AN EXPLANATION OF ANOMALOUS DIELECTRIC-RELAXATION PROPERTIES OF POLY(PROPYLENE GLYCOL)

Dielectric measurements on low molecular weight poly(propylene glycol) over a wide frequency window of about 10 decades show that the relaxation times of the segmental relaxation and the normal modes have different temperature dependences. The segmental relaxation time, tau(s)*, has a much stronger temperature dependence than that of the normal-mode relaxation time, tau-2*. As temperature is decreased, the shorter tau(s)* increases much faster than tau-2*, with a tendency of tau(s)* to encroach tau-2* resulting in a reduction of the dielectric strength of the normal mode.
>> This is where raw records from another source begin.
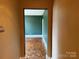A view of the large living room showcasing green walls and decorative wood floors at 1121 Myrtle Ave # 17, Charlotte, NC 28203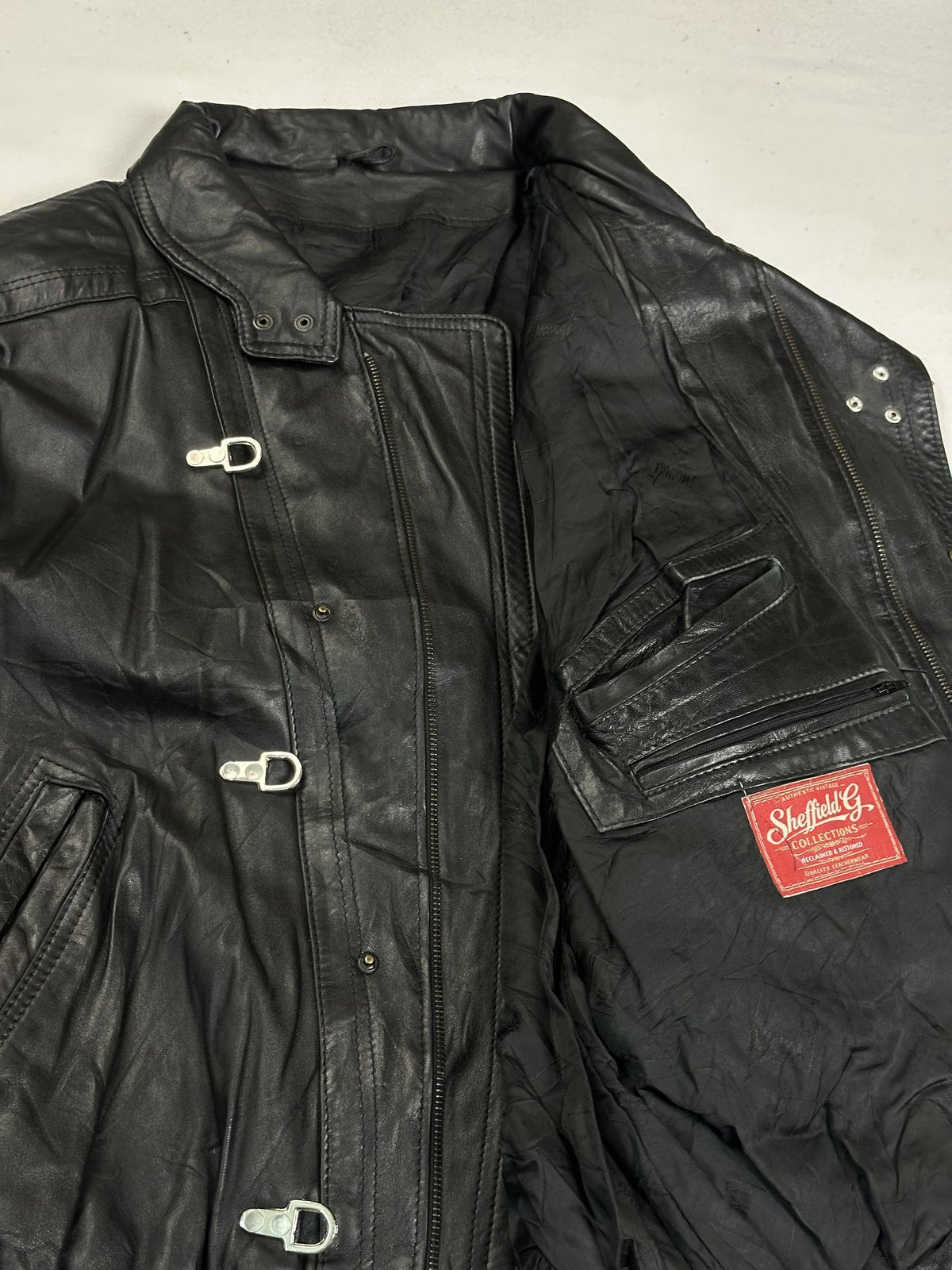 Detail of the inner pocket and press studs inside the opened black leather jacket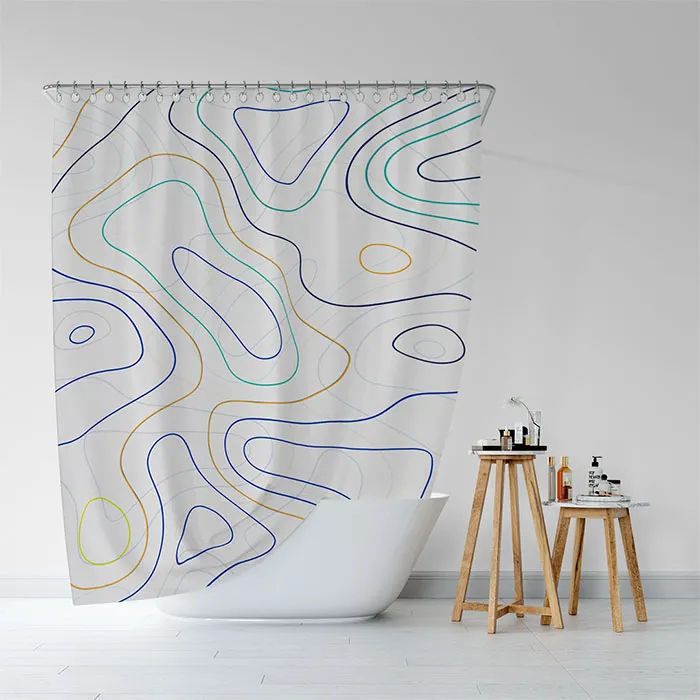 white shower curtain with blue, green, and yellow lines forming loose shapes in a loose pattern, there's a two wooden tables next to the bathtub 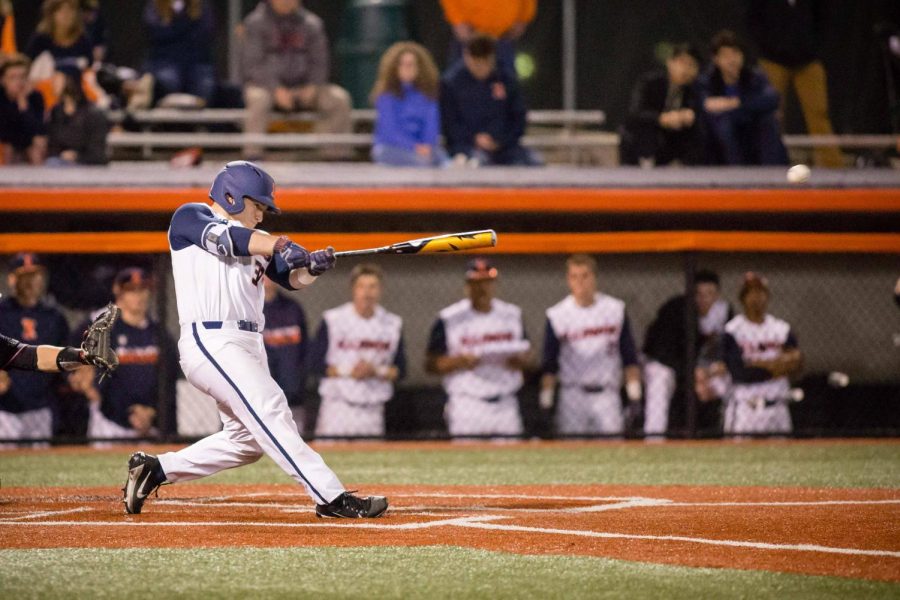 Illinois+catcher+Jeff+Korte+%2832%29+hits+an+RBI+single+to+right+giving+the+Illini+the+lead+in+the+game+against+Rutgers+at+Illinois+Field+on+Friday%2C+April+13%2C+2018.%0A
These dielectric results are analogous to that shown in viscoelastic data obtained in low molecular weight polystyrene by Plazek and explained previously by the coupling model. The dielectric data are explained quantitatively here also by the coupling model. Moreover, the molecular weight dependence of the normal-mode relaxation time at constant temperature is found experimentally to be significantly stronger than that expected from Rouse dynamics. It is a consequence of couplings between chains caused by hydrogen bonding of the OH end groups in poly(propylene glycol) and is explained here in the framework of the coupling model.